■ TASK:
What you return should be the lines from the one with "March it out." through the one with "Extirpation of the" in the data below, reproduced exactly with both ends, and no pictures at all.

(Stored items)

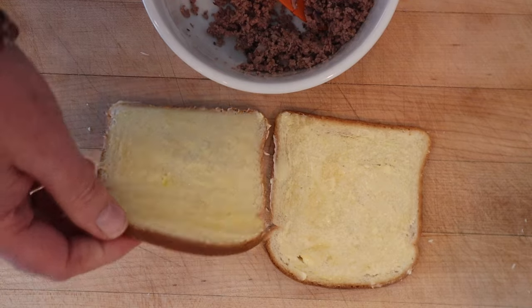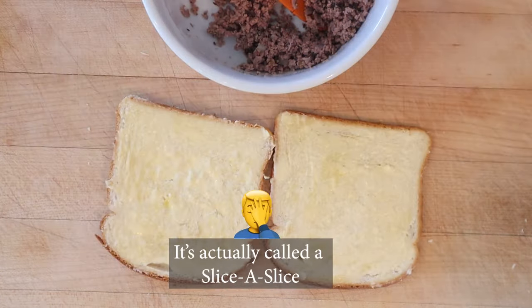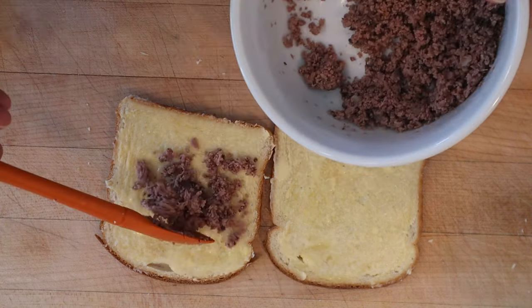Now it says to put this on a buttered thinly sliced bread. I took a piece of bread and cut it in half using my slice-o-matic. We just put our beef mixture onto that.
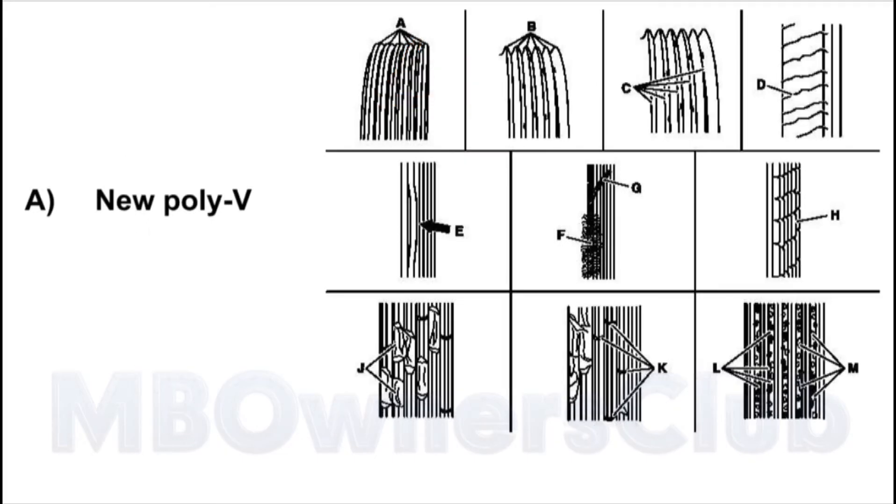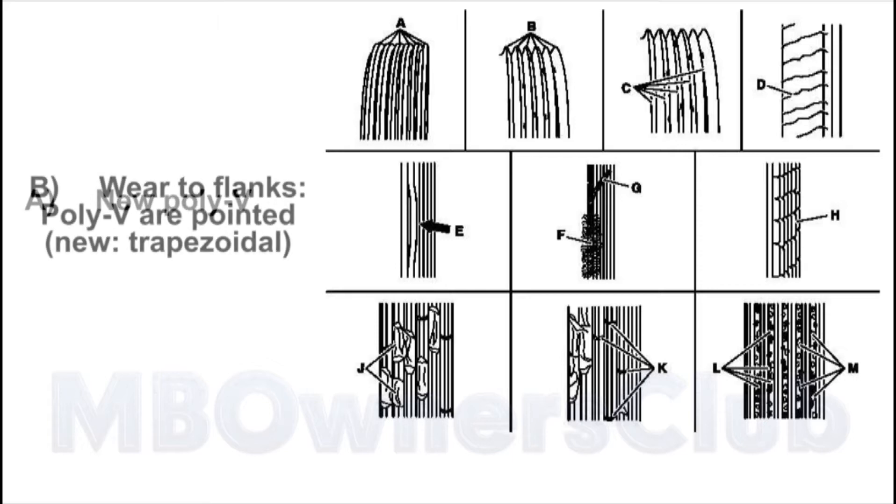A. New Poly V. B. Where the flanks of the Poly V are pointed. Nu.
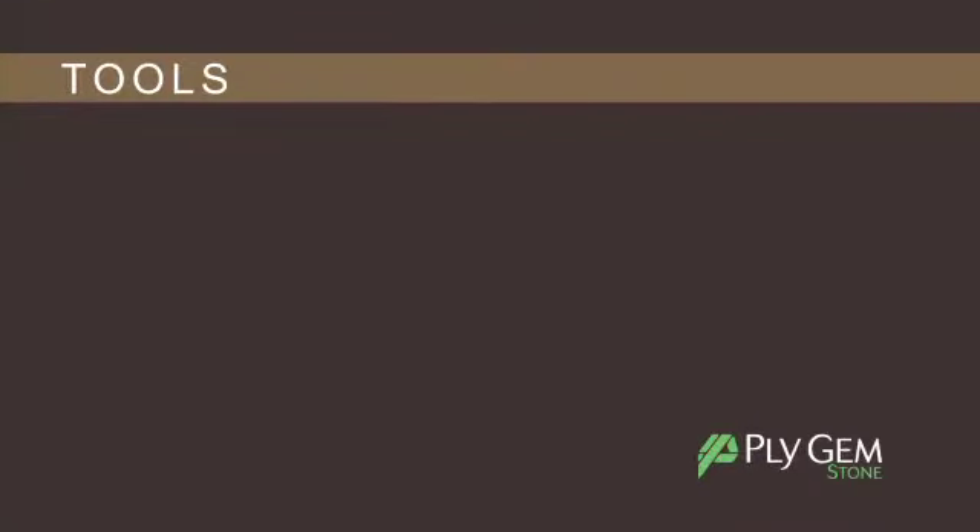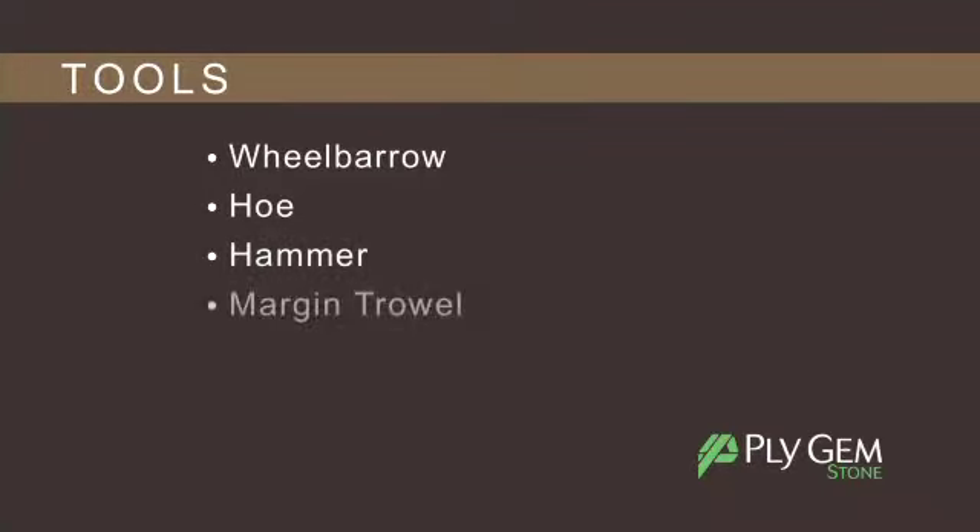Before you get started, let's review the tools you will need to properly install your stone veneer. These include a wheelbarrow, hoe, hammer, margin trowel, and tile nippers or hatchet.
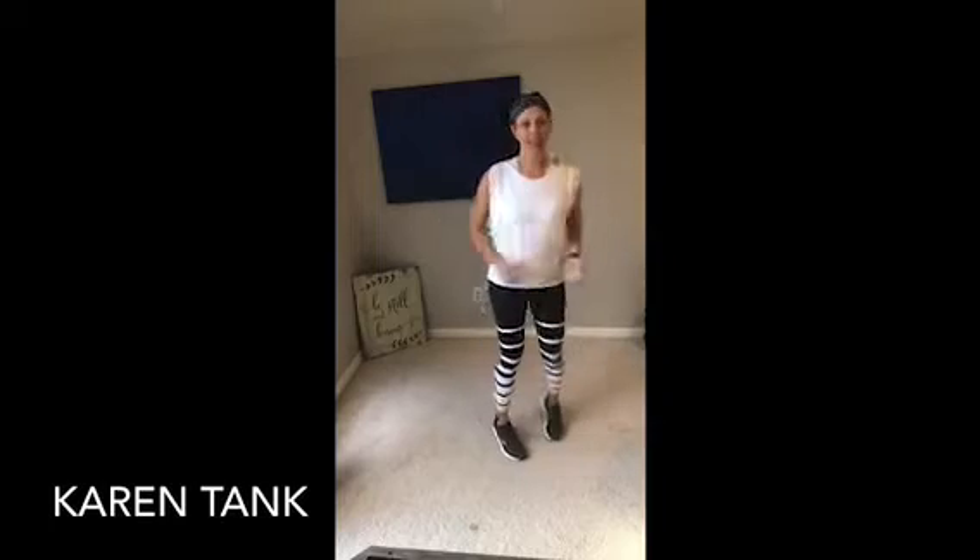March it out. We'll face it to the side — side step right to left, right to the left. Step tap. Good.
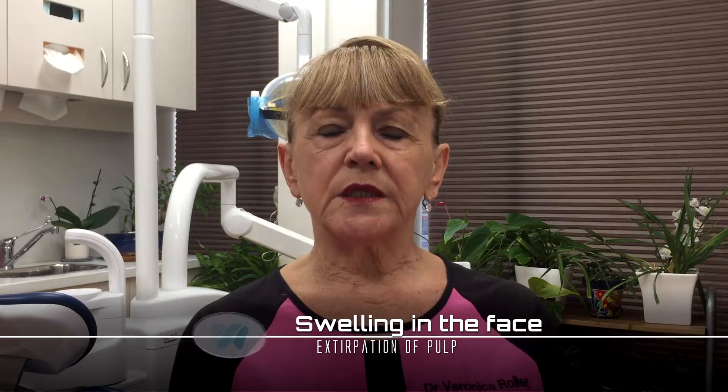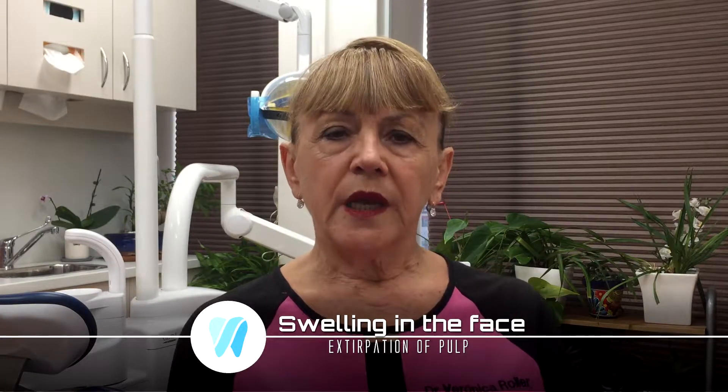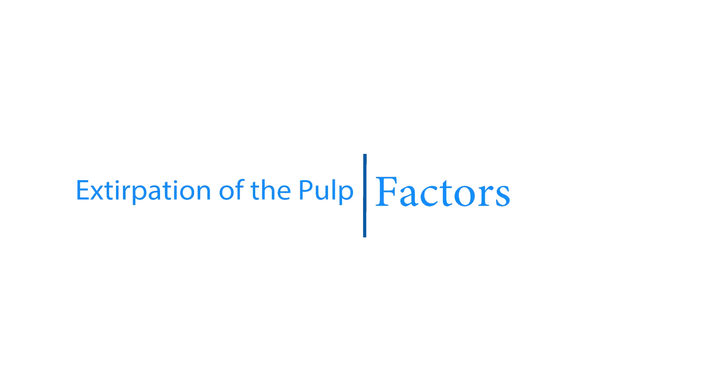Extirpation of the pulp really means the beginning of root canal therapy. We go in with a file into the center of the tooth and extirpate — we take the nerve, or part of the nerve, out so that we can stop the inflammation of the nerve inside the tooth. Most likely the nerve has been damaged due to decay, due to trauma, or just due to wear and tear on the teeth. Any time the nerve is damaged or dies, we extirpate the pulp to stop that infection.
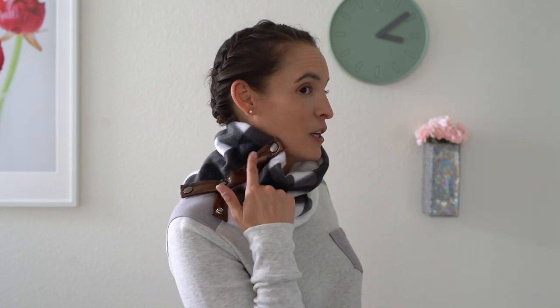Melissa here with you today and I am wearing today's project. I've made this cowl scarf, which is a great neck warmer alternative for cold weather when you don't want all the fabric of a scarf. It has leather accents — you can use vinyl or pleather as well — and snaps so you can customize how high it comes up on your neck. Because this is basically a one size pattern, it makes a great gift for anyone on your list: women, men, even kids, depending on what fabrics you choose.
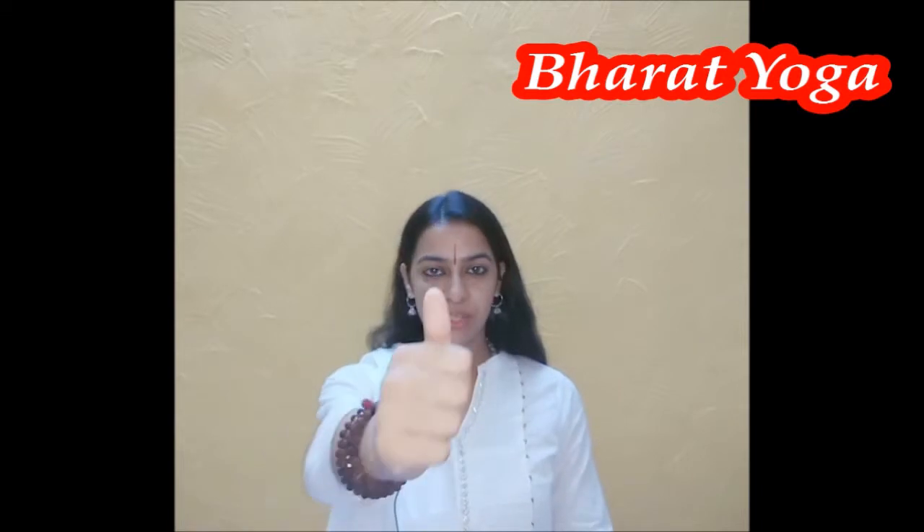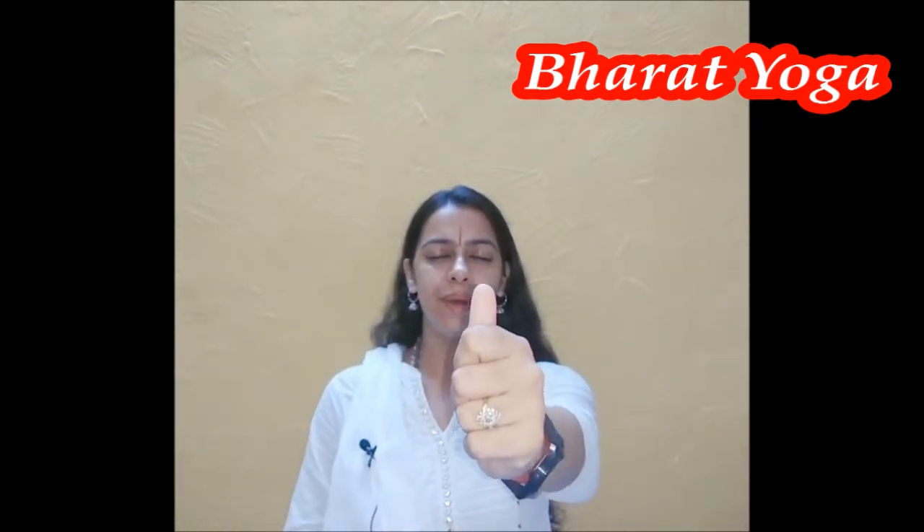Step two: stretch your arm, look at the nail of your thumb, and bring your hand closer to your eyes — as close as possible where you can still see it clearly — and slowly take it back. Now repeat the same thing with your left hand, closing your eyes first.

■ TASK OUTPUT:
March it out. We'll face it to the side — side step right to left, right to the left. Step tap. Good.
Extirpation of the pulp really means the beginning of root canal therapy. We go in with a file into the center of the tooth and extirpate — we take the nerve, or part of the nerve, out so that we can stop the inflammation of the nerve inside the tooth. Most likely the nerve has been damaged due to decay, due to trauma, or just due to wear and tear on the teeth. Any time the nerve is damaged or dies, we extirpate the pulp to stop that infection.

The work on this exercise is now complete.